Comment by znpy
8 days ago
“Floppydistros” were a thing back in the day.
When i was 12 or 13 in the very early 2000s i tried to download something called “coyote linux” (from sourceforge iirc) and boot it on an internet cafe pc because i really wanted to try this linux thing.
But i was very nooby and of course it mostly didn’t go anywhere. I have vague memories of maybe getting it to boot, getting a shell and then not know what to do with it.
Fun times :)
I used to run tomsrtbt (https://en.wikipedia.org/wiki/Tomsrtbt) from a floppy on an old 486 hooked up to a monitor and keyboard for use as a terminal. Was nice and silent, pretty convenient to be able to just turn the screen on to check irc or whatever.
I remember qnx
Full network stack and a web server on a 1.44MB floppy!
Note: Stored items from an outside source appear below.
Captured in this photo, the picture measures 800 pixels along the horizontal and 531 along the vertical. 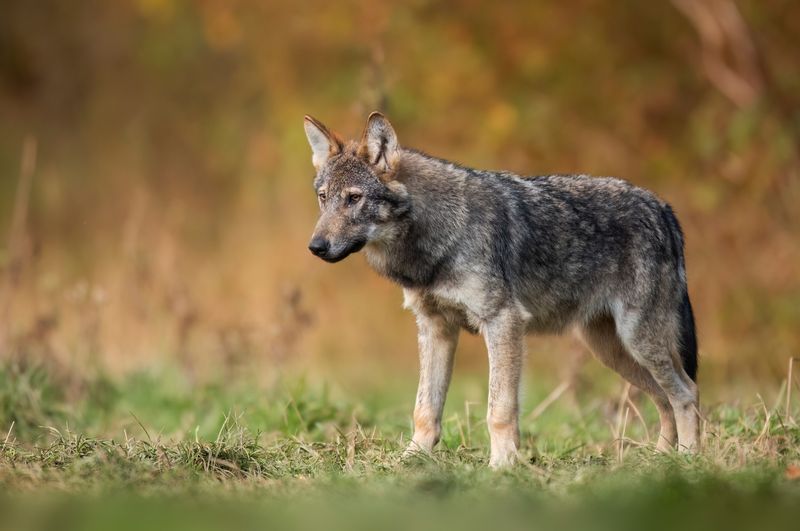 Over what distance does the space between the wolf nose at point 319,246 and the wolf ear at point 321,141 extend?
0.73 m

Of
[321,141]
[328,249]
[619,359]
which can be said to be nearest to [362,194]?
[328,249]

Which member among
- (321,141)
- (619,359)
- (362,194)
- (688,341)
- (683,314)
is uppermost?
(321,141)

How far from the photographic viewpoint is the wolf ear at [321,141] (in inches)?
285

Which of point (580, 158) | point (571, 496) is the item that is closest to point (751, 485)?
point (571, 496)

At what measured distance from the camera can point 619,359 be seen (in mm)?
7941

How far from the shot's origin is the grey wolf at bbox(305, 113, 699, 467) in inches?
274

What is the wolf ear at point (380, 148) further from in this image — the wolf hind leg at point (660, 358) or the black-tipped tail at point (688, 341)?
the black-tipped tail at point (688, 341)

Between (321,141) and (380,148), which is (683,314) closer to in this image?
(380,148)

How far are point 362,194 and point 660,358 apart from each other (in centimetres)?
232

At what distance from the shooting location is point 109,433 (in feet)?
28.1

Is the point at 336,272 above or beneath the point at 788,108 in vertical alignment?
beneath

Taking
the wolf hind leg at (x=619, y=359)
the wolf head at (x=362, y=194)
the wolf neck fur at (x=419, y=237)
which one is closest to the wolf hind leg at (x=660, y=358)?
the wolf hind leg at (x=619, y=359)

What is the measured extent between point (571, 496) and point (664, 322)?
9.47ft

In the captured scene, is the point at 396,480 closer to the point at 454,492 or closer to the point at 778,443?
the point at 454,492
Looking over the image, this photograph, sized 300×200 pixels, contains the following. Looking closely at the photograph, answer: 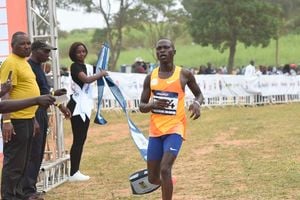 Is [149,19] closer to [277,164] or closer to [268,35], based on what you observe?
[268,35]

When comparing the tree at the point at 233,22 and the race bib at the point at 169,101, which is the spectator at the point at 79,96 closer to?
the race bib at the point at 169,101

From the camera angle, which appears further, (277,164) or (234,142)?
(234,142)

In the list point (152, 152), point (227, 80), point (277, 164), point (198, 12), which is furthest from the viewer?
point (198, 12)

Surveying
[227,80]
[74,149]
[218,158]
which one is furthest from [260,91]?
[74,149]

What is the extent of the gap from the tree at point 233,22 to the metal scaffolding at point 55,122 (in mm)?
29349

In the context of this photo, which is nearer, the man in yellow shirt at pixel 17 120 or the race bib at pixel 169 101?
the race bib at pixel 169 101

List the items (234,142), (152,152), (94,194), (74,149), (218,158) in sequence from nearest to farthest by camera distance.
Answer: (152,152) → (94,194) → (74,149) → (218,158) → (234,142)

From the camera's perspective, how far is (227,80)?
81.5 ft

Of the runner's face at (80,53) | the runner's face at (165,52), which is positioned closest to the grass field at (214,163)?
the runner's face at (80,53)

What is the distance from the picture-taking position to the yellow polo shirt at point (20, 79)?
684cm

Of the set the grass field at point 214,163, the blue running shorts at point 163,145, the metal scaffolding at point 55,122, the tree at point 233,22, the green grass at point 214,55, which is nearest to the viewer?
the blue running shorts at point 163,145

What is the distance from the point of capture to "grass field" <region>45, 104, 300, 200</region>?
318 inches

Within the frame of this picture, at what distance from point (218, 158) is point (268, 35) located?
1175 inches

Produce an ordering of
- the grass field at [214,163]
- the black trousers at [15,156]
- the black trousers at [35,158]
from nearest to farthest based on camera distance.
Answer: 1. the black trousers at [15,156]
2. the black trousers at [35,158]
3. the grass field at [214,163] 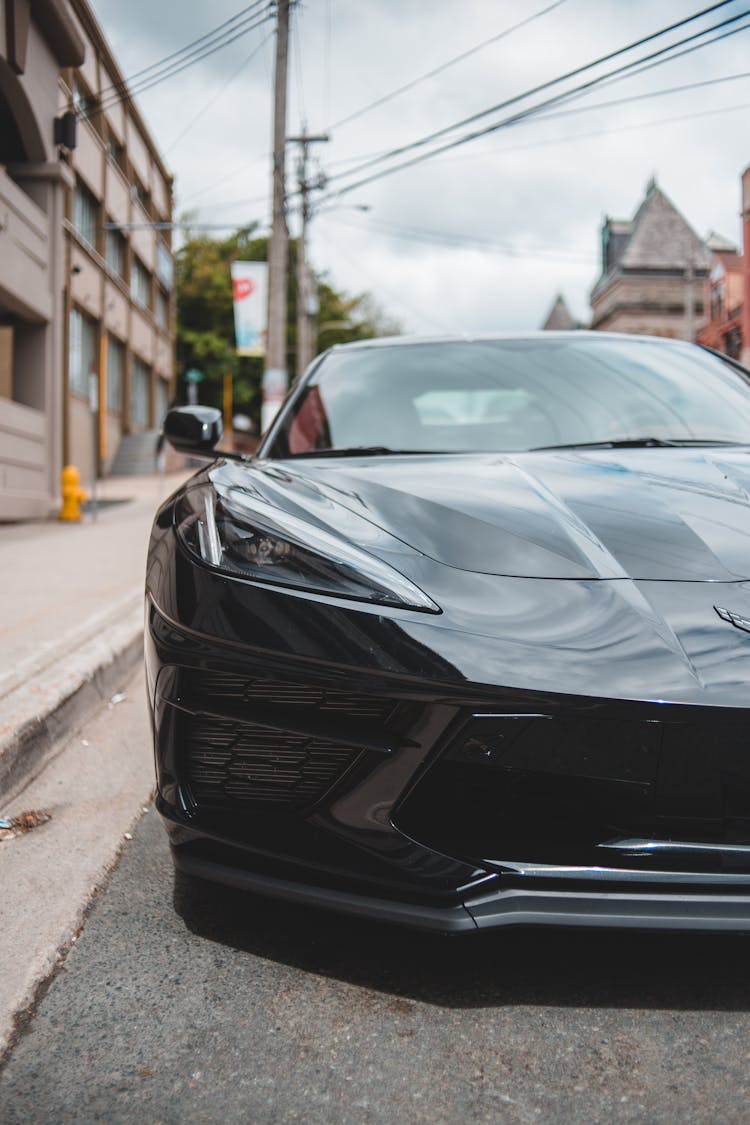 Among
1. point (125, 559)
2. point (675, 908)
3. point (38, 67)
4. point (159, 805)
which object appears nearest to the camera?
point (675, 908)

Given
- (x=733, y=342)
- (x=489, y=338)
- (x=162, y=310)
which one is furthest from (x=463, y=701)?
(x=162, y=310)

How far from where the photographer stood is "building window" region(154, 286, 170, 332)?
116ft

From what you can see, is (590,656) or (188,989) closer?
(590,656)

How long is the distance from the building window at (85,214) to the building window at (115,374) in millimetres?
2979

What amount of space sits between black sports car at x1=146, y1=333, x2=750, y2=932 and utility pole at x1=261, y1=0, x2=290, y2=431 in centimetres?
1333

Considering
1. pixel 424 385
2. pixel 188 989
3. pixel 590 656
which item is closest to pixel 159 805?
pixel 188 989

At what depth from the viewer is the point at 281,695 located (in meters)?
1.67

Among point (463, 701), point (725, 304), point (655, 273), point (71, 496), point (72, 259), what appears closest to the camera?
point (463, 701)

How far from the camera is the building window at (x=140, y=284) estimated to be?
102 ft

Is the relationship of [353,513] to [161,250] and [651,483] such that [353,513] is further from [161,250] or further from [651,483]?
[161,250]

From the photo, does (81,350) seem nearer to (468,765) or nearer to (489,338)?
(489,338)

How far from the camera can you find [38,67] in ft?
43.0

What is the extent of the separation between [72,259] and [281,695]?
77.5 feet

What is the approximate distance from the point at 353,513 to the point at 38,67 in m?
13.4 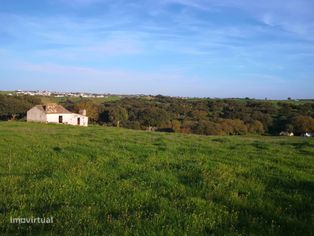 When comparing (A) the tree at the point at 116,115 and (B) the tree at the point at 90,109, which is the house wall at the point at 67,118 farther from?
(B) the tree at the point at 90,109

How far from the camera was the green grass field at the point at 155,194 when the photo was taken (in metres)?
6.68

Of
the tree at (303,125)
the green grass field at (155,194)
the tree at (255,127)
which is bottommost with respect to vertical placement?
the tree at (255,127)

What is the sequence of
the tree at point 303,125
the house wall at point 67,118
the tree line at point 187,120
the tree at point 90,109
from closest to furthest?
the house wall at point 67,118, the tree at point 303,125, the tree line at point 187,120, the tree at point 90,109

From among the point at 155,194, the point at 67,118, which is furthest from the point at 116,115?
the point at 155,194

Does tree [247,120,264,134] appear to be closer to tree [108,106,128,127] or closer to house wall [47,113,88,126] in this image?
tree [108,106,128,127]

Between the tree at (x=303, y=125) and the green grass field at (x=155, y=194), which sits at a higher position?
the green grass field at (x=155, y=194)

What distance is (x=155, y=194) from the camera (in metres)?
8.76

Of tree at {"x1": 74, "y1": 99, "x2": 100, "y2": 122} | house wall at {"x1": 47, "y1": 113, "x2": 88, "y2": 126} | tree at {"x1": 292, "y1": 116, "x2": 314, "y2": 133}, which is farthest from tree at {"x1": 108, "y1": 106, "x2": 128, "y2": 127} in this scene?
tree at {"x1": 292, "y1": 116, "x2": 314, "y2": 133}

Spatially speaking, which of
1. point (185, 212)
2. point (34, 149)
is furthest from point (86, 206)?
point (34, 149)

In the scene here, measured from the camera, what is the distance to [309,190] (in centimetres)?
970

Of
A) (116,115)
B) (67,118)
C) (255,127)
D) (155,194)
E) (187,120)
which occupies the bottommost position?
(255,127)

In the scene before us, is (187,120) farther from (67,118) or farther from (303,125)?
(67,118)

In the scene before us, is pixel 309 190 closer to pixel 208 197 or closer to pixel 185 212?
pixel 208 197

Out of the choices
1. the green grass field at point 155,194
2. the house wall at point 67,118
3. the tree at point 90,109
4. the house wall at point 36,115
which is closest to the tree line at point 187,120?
the tree at point 90,109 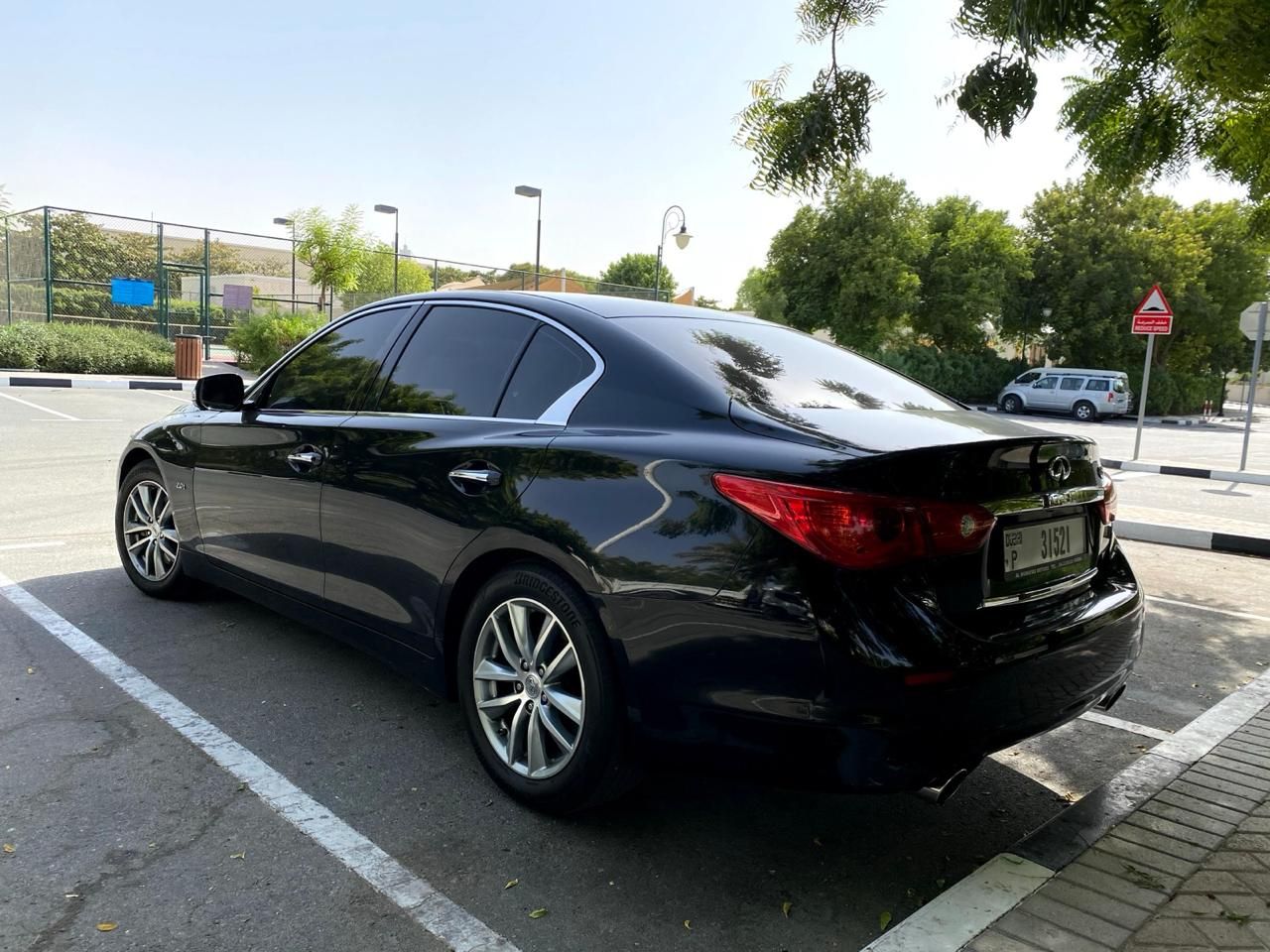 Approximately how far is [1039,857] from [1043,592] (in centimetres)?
72

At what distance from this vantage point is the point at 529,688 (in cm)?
284

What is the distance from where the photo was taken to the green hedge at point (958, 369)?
34938 millimetres

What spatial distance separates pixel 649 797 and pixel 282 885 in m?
1.14

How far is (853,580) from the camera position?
2.25 m

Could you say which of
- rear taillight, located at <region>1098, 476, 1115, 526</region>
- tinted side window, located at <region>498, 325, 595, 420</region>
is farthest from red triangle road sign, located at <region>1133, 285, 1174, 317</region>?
tinted side window, located at <region>498, 325, 595, 420</region>

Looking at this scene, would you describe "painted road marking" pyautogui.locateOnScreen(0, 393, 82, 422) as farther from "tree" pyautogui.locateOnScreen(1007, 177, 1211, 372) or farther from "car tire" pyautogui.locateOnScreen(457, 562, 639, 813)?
Answer: "tree" pyautogui.locateOnScreen(1007, 177, 1211, 372)

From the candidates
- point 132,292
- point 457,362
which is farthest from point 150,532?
point 132,292

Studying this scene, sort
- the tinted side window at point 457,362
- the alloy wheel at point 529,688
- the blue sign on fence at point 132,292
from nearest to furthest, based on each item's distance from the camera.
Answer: the alloy wheel at point 529,688
the tinted side window at point 457,362
the blue sign on fence at point 132,292

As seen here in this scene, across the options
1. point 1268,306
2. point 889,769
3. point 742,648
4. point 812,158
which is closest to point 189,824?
point 742,648

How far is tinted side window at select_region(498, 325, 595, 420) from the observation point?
302 cm

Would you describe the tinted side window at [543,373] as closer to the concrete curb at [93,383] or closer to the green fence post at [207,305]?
the concrete curb at [93,383]

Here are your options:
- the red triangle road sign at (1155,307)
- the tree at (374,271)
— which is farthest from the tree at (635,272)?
the red triangle road sign at (1155,307)

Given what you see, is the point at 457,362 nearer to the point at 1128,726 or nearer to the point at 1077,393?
the point at 1128,726

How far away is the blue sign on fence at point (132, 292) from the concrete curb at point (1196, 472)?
75.7ft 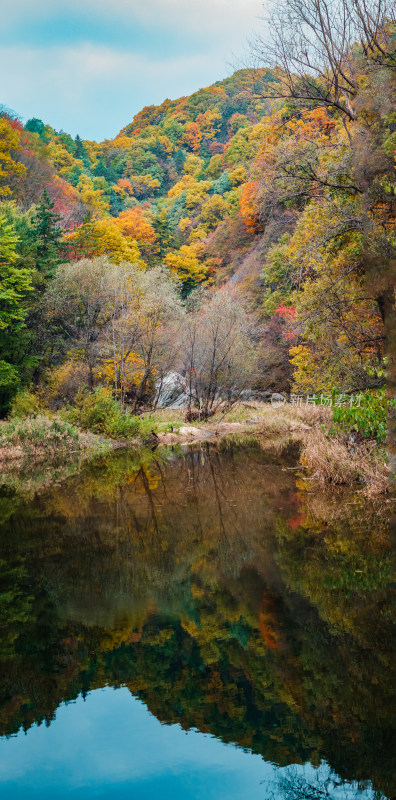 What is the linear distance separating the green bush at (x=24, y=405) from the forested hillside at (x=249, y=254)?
471mm

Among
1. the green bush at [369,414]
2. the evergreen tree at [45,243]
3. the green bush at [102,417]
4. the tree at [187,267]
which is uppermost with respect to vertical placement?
the tree at [187,267]

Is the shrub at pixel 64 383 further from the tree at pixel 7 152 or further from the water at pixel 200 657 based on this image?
the tree at pixel 7 152

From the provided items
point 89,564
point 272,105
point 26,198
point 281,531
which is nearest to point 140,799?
point 89,564

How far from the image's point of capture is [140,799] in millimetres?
3600

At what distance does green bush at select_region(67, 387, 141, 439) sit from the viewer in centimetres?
2355

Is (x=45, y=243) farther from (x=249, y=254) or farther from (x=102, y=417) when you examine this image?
(x=249, y=254)

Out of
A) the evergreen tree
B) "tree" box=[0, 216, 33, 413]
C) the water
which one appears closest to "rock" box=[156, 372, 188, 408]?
the evergreen tree

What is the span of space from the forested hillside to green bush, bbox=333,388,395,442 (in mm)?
Answer: 607

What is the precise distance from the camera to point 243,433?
87.2ft

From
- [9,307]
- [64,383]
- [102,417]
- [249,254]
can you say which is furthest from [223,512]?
[249,254]

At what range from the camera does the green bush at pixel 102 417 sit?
2355cm

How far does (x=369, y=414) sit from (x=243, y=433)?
15.1m

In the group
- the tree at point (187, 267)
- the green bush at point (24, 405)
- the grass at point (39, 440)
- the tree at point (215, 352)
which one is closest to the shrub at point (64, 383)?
the green bush at point (24, 405)

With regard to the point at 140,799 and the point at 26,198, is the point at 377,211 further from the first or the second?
the point at 26,198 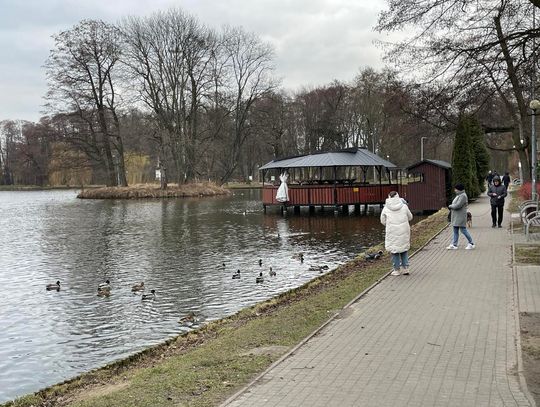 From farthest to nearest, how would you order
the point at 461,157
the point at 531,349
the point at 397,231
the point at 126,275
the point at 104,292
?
the point at 461,157 → the point at 126,275 → the point at 104,292 → the point at 397,231 → the point at 531,349

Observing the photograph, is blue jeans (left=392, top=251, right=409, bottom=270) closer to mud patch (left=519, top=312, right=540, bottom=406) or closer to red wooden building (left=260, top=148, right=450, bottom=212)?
mud patch (left=519, top=312, right=540, bottom=406)

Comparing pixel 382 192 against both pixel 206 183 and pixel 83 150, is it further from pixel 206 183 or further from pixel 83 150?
pixel 83 150

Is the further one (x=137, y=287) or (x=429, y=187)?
(x=429, y=187)

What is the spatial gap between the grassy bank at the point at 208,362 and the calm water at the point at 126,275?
652 mm

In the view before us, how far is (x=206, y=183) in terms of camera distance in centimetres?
6450

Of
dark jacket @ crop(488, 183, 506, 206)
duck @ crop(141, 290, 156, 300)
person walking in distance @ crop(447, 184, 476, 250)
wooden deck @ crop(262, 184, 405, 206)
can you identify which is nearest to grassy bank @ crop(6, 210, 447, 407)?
duck @ crop(141, 290, 156, 300)

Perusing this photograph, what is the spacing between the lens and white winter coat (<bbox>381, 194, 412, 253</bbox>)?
11.5 m

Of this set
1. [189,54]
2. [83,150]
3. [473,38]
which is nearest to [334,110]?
[189,54]

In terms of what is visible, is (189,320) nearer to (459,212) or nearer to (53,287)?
(53,287)

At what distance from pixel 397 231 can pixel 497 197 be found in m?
8.83

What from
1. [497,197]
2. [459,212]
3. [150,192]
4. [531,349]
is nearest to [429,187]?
[497,197]

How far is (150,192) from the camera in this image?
193 feet

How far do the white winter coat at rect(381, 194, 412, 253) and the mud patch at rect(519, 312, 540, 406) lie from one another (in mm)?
3667

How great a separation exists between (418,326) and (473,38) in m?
10.4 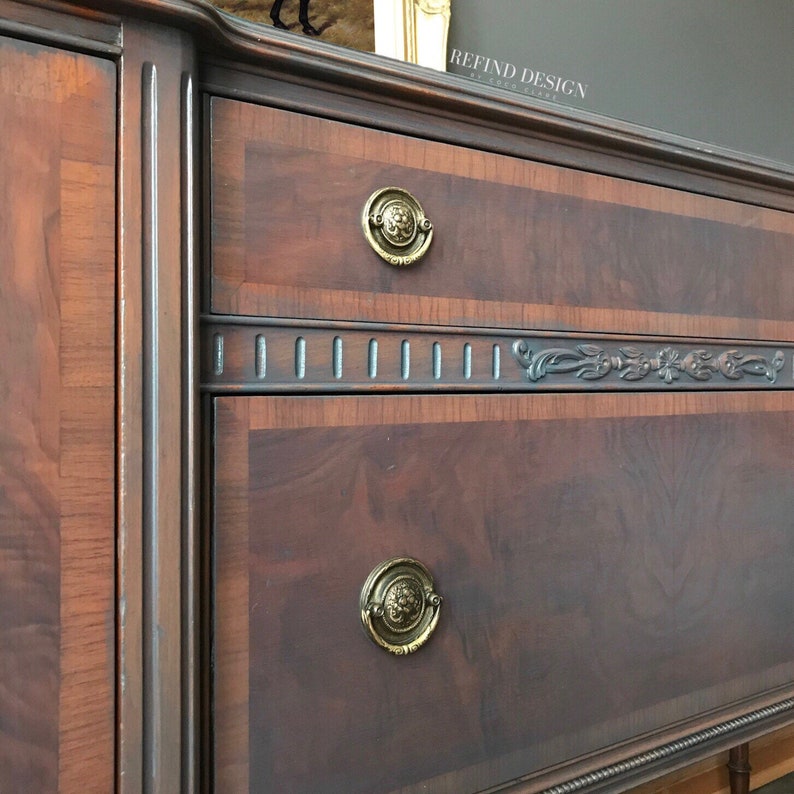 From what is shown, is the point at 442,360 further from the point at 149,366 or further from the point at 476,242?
the point at 149,366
And a Javascript capable HTML4 browser, and a decent-looking and performant GUI desktop too.
It's a shame QNX (desktop) died, used to be way more performant and stable compared to Linux or anything else back in the day.
4 replies →
Do you recall which browser?
BrowseX, written mostly in Tcl/Tk, was included in one microdistro. Probably LNX-BBC, per Wikipedia.
<https://wiki.tcl-lang.org/page/BrowseX>
<https://en.wikipedia.org/wiki/Bootable_business_card#Operati...>
QNX is to this day the biggest "floppy" thing I ever saw.
I would love to have a modern recreation of it.